Hey Patrick, thanks for asking and pointing those out. I did see those and I'm definitely grateful for the electronic versions. At this point I'd like to go for the hardcopies, though obviously purchasing used out-of-print books can become cost prohibitive. Though this may sound crazy, my ideal scenario with these large and important works would be to have both print and electronic. The benefits of the electronic are obviously amazing, but I just can't quite give myself to emptying my library and being bound to only a screen. I love the hardcopies for reading and the electronic for searching, quoting, referencing, and reading on the go. That's a long way to say, I'm aiming to collect hardcopies at this stage with a desire to supplement with electronic versions down the road. Thanks again!


----------



## bccrawf (Jul 28, 2013)

Cameronian said:


> Pilgrim said:
> 
> 
> > bccrawf said:
> ...



Jacob, that sounds like an idea to me! From recently listening to a few podcasts on the Reformed Forum I'm sure a whole host of their listeners wouldn't mind helping out as well!

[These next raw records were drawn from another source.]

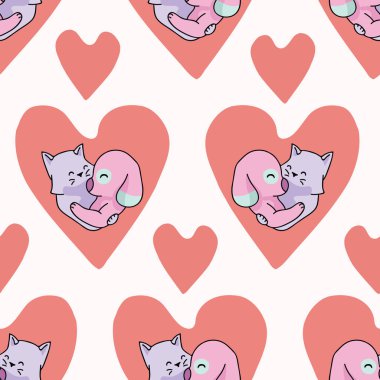 Vektör şirin kedi köpek sarılmak kalp. Seamless yineleme modeli. Çekilmiş 2 evde beslenen hayvan hayvanlar aşk kalp içinde romantik Sevgililer günü için sarılma el düğün veya evde beslenen hayvan arka plan yıldönümü. Bedava sarılmak kavramı.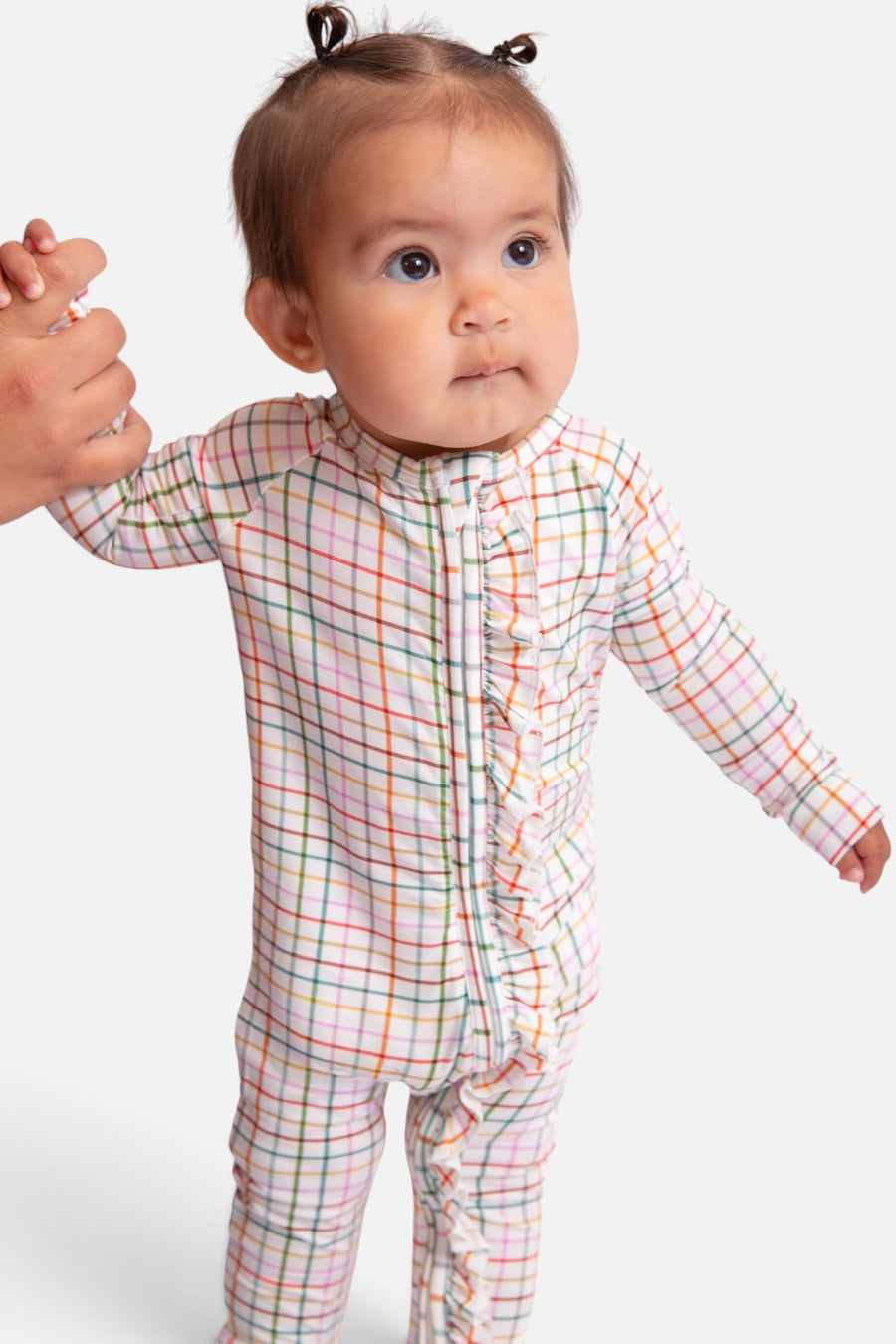 Goosies long sleeve zip pajamas in AJ Plaid, bamboo baby pajamas with convertible feet.
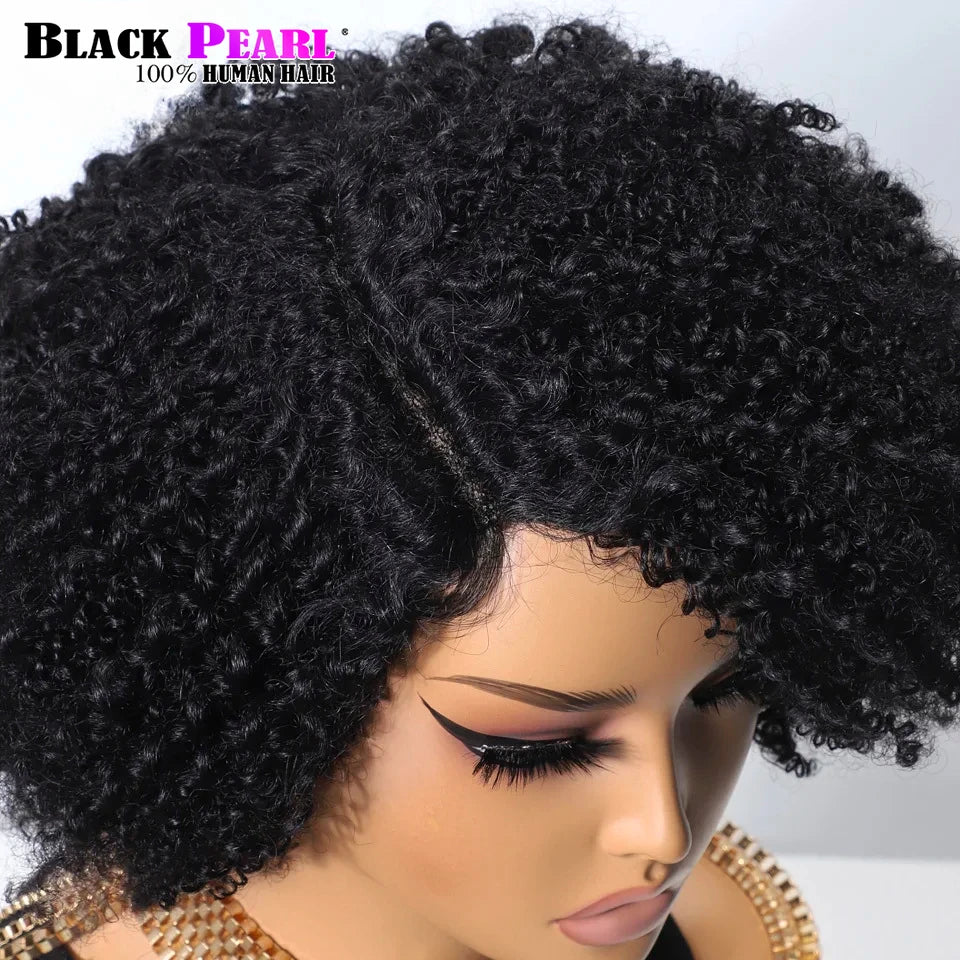 Perruque bouclée crépue femme – Cheveux humains, pré-épilée, dentelle HD, 180%, sans colle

From what I've heard about it, it's hard to imagine that a work like Muller's could be out of print for good.


----------



## RamistThomist (Jul 28, 2013)

bccrawf said:


> Cameronian said:
> 
> 
> > Pilgrim said:
> ...



I am emailing them tomorrow. Or at least to distribute the volumes singly. Iw ould easily pay $40 per volume.


----------



## RamistThomist (Jul 28, 2013)

bccrawf said:


> Ask Mr. Religion said:
> 
> 
> > Bentley,
> ...



My only problem with Muller on Kindle is that Muller is the kind of volume that you would want to flip through back and forth. Doing that with volume one literally changed my life.


----------



## bccrawf (Jul 29, 2013)

All,

Here is a bit of exciting news on this front: I've found that Dr. Muller's desire would be to see these volumes back in print (possibly edited and/or expanded) along with a couple more volumes added to them. So, it appears we must wait.

In the meantime, I've put in my request with Baker to bring the existing 4 volumes back into print. Feel free to do the same here: Contact Baker Publishing Group | Baker Publishing Group


----------



## RamistThomist (Jul 29, 2013)

bccrawf said:


> All,
> 
> Here is a bit of exciting news on this front: I've found that Dr. Muller's desire would be to see these volumes back in print (possibly edited and/or expanded) along with a couple more volumes added to them. So, it appears we must wait.
> 
> In the meantime, I've put in my request with Baker to bring the existing 4 volumes back into print. Feel free to do the same here: Contact Baker Publishing Group | Baker Publishing Group



I also delivered an email bomb


----------



## Schaefers (Aug 1, 2013)

Cameronian said:


> bccrawf said:
> 
> 
> > All,
> ...



+1 I did the same. I really want this set.


----------



## RamistThomist (Aug 2, 2013)

Schaefers said:


> Cameronian said:
> 
> 
> > bccrawf said:
> ...



I even got some Eastern Orthodox acquaintances of mine to do the same (the guy is an EO apologist and he was genuinely interested).


----------